Agora, Elias podia vê-la por inteiro. Seu corpo era uma mistura de lobo e homem, coberto por veias que brilhavam em tom azulado. Nos olhos, não havia apenas fome – havia dor, como se fosse uma alma aprisionada.

O caçador ergueu o arco, mas hesitou. Algo dentro dele dizia que matar aquela criatura não seria o fim, mas o início de uma maldição. A fera avançou, rosnando, e Elias preparou-se para disparar. Mas, em vez de atacar, o monstro parou a poucos passos dele, encarando-o profundamente.

Foi então que Elias ouviu, não com os ouvidos, mas dentro da mente, uma voz rouca:


"Eu era como você... caçador. A floresta me tomou, e agora a mesma sombra quer você."

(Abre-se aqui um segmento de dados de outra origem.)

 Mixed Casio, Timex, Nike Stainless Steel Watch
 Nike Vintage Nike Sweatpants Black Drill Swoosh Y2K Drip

O choque fez Elias soltar o arco. Ele entendeu: aquela coisa não era apenas um monstro, mas o espírito de um homem transformado pelo poder obscuro da mata. Um destino que agora tentava se repetir com ele.

Com a última coragem que tinha, Elias jogou as ervas no chão e acendeu fogo. O cheiro forte se espalhou, e a criatura gritou em agonia. Suas veias azuis brilharam ainda mais até explodirem em uma luz intensa. O grito ecoou por todo o vale, e, de repente, a sombra desapareceu, como se tivesse sido sugada pela própria terra.

Elias caiu de joelhos, exausto, respirando com dificuldade. A floresta voltou a cantar – os grilos, as corujas, até o vento parecia mais leve. Ele havia sobrevivido.

Mas não saiu ileso. A partir daquele dia, sempre que entrava na mata, percebia os olhos da criatura em seus sonhos, como se uma parte dela tivesse ficado dentro dele. Elias nunca contou a ninguém o que aconteceu. Só sabia de uma coisa:


a floresta não perdoa aqueles que tentam desvendar todos os seus segredos.

E assim, o caçador que partiu em busca de alimento voltou com algo muito mais sombrio: a certeza de que algumas caças não devem ser perseguidas.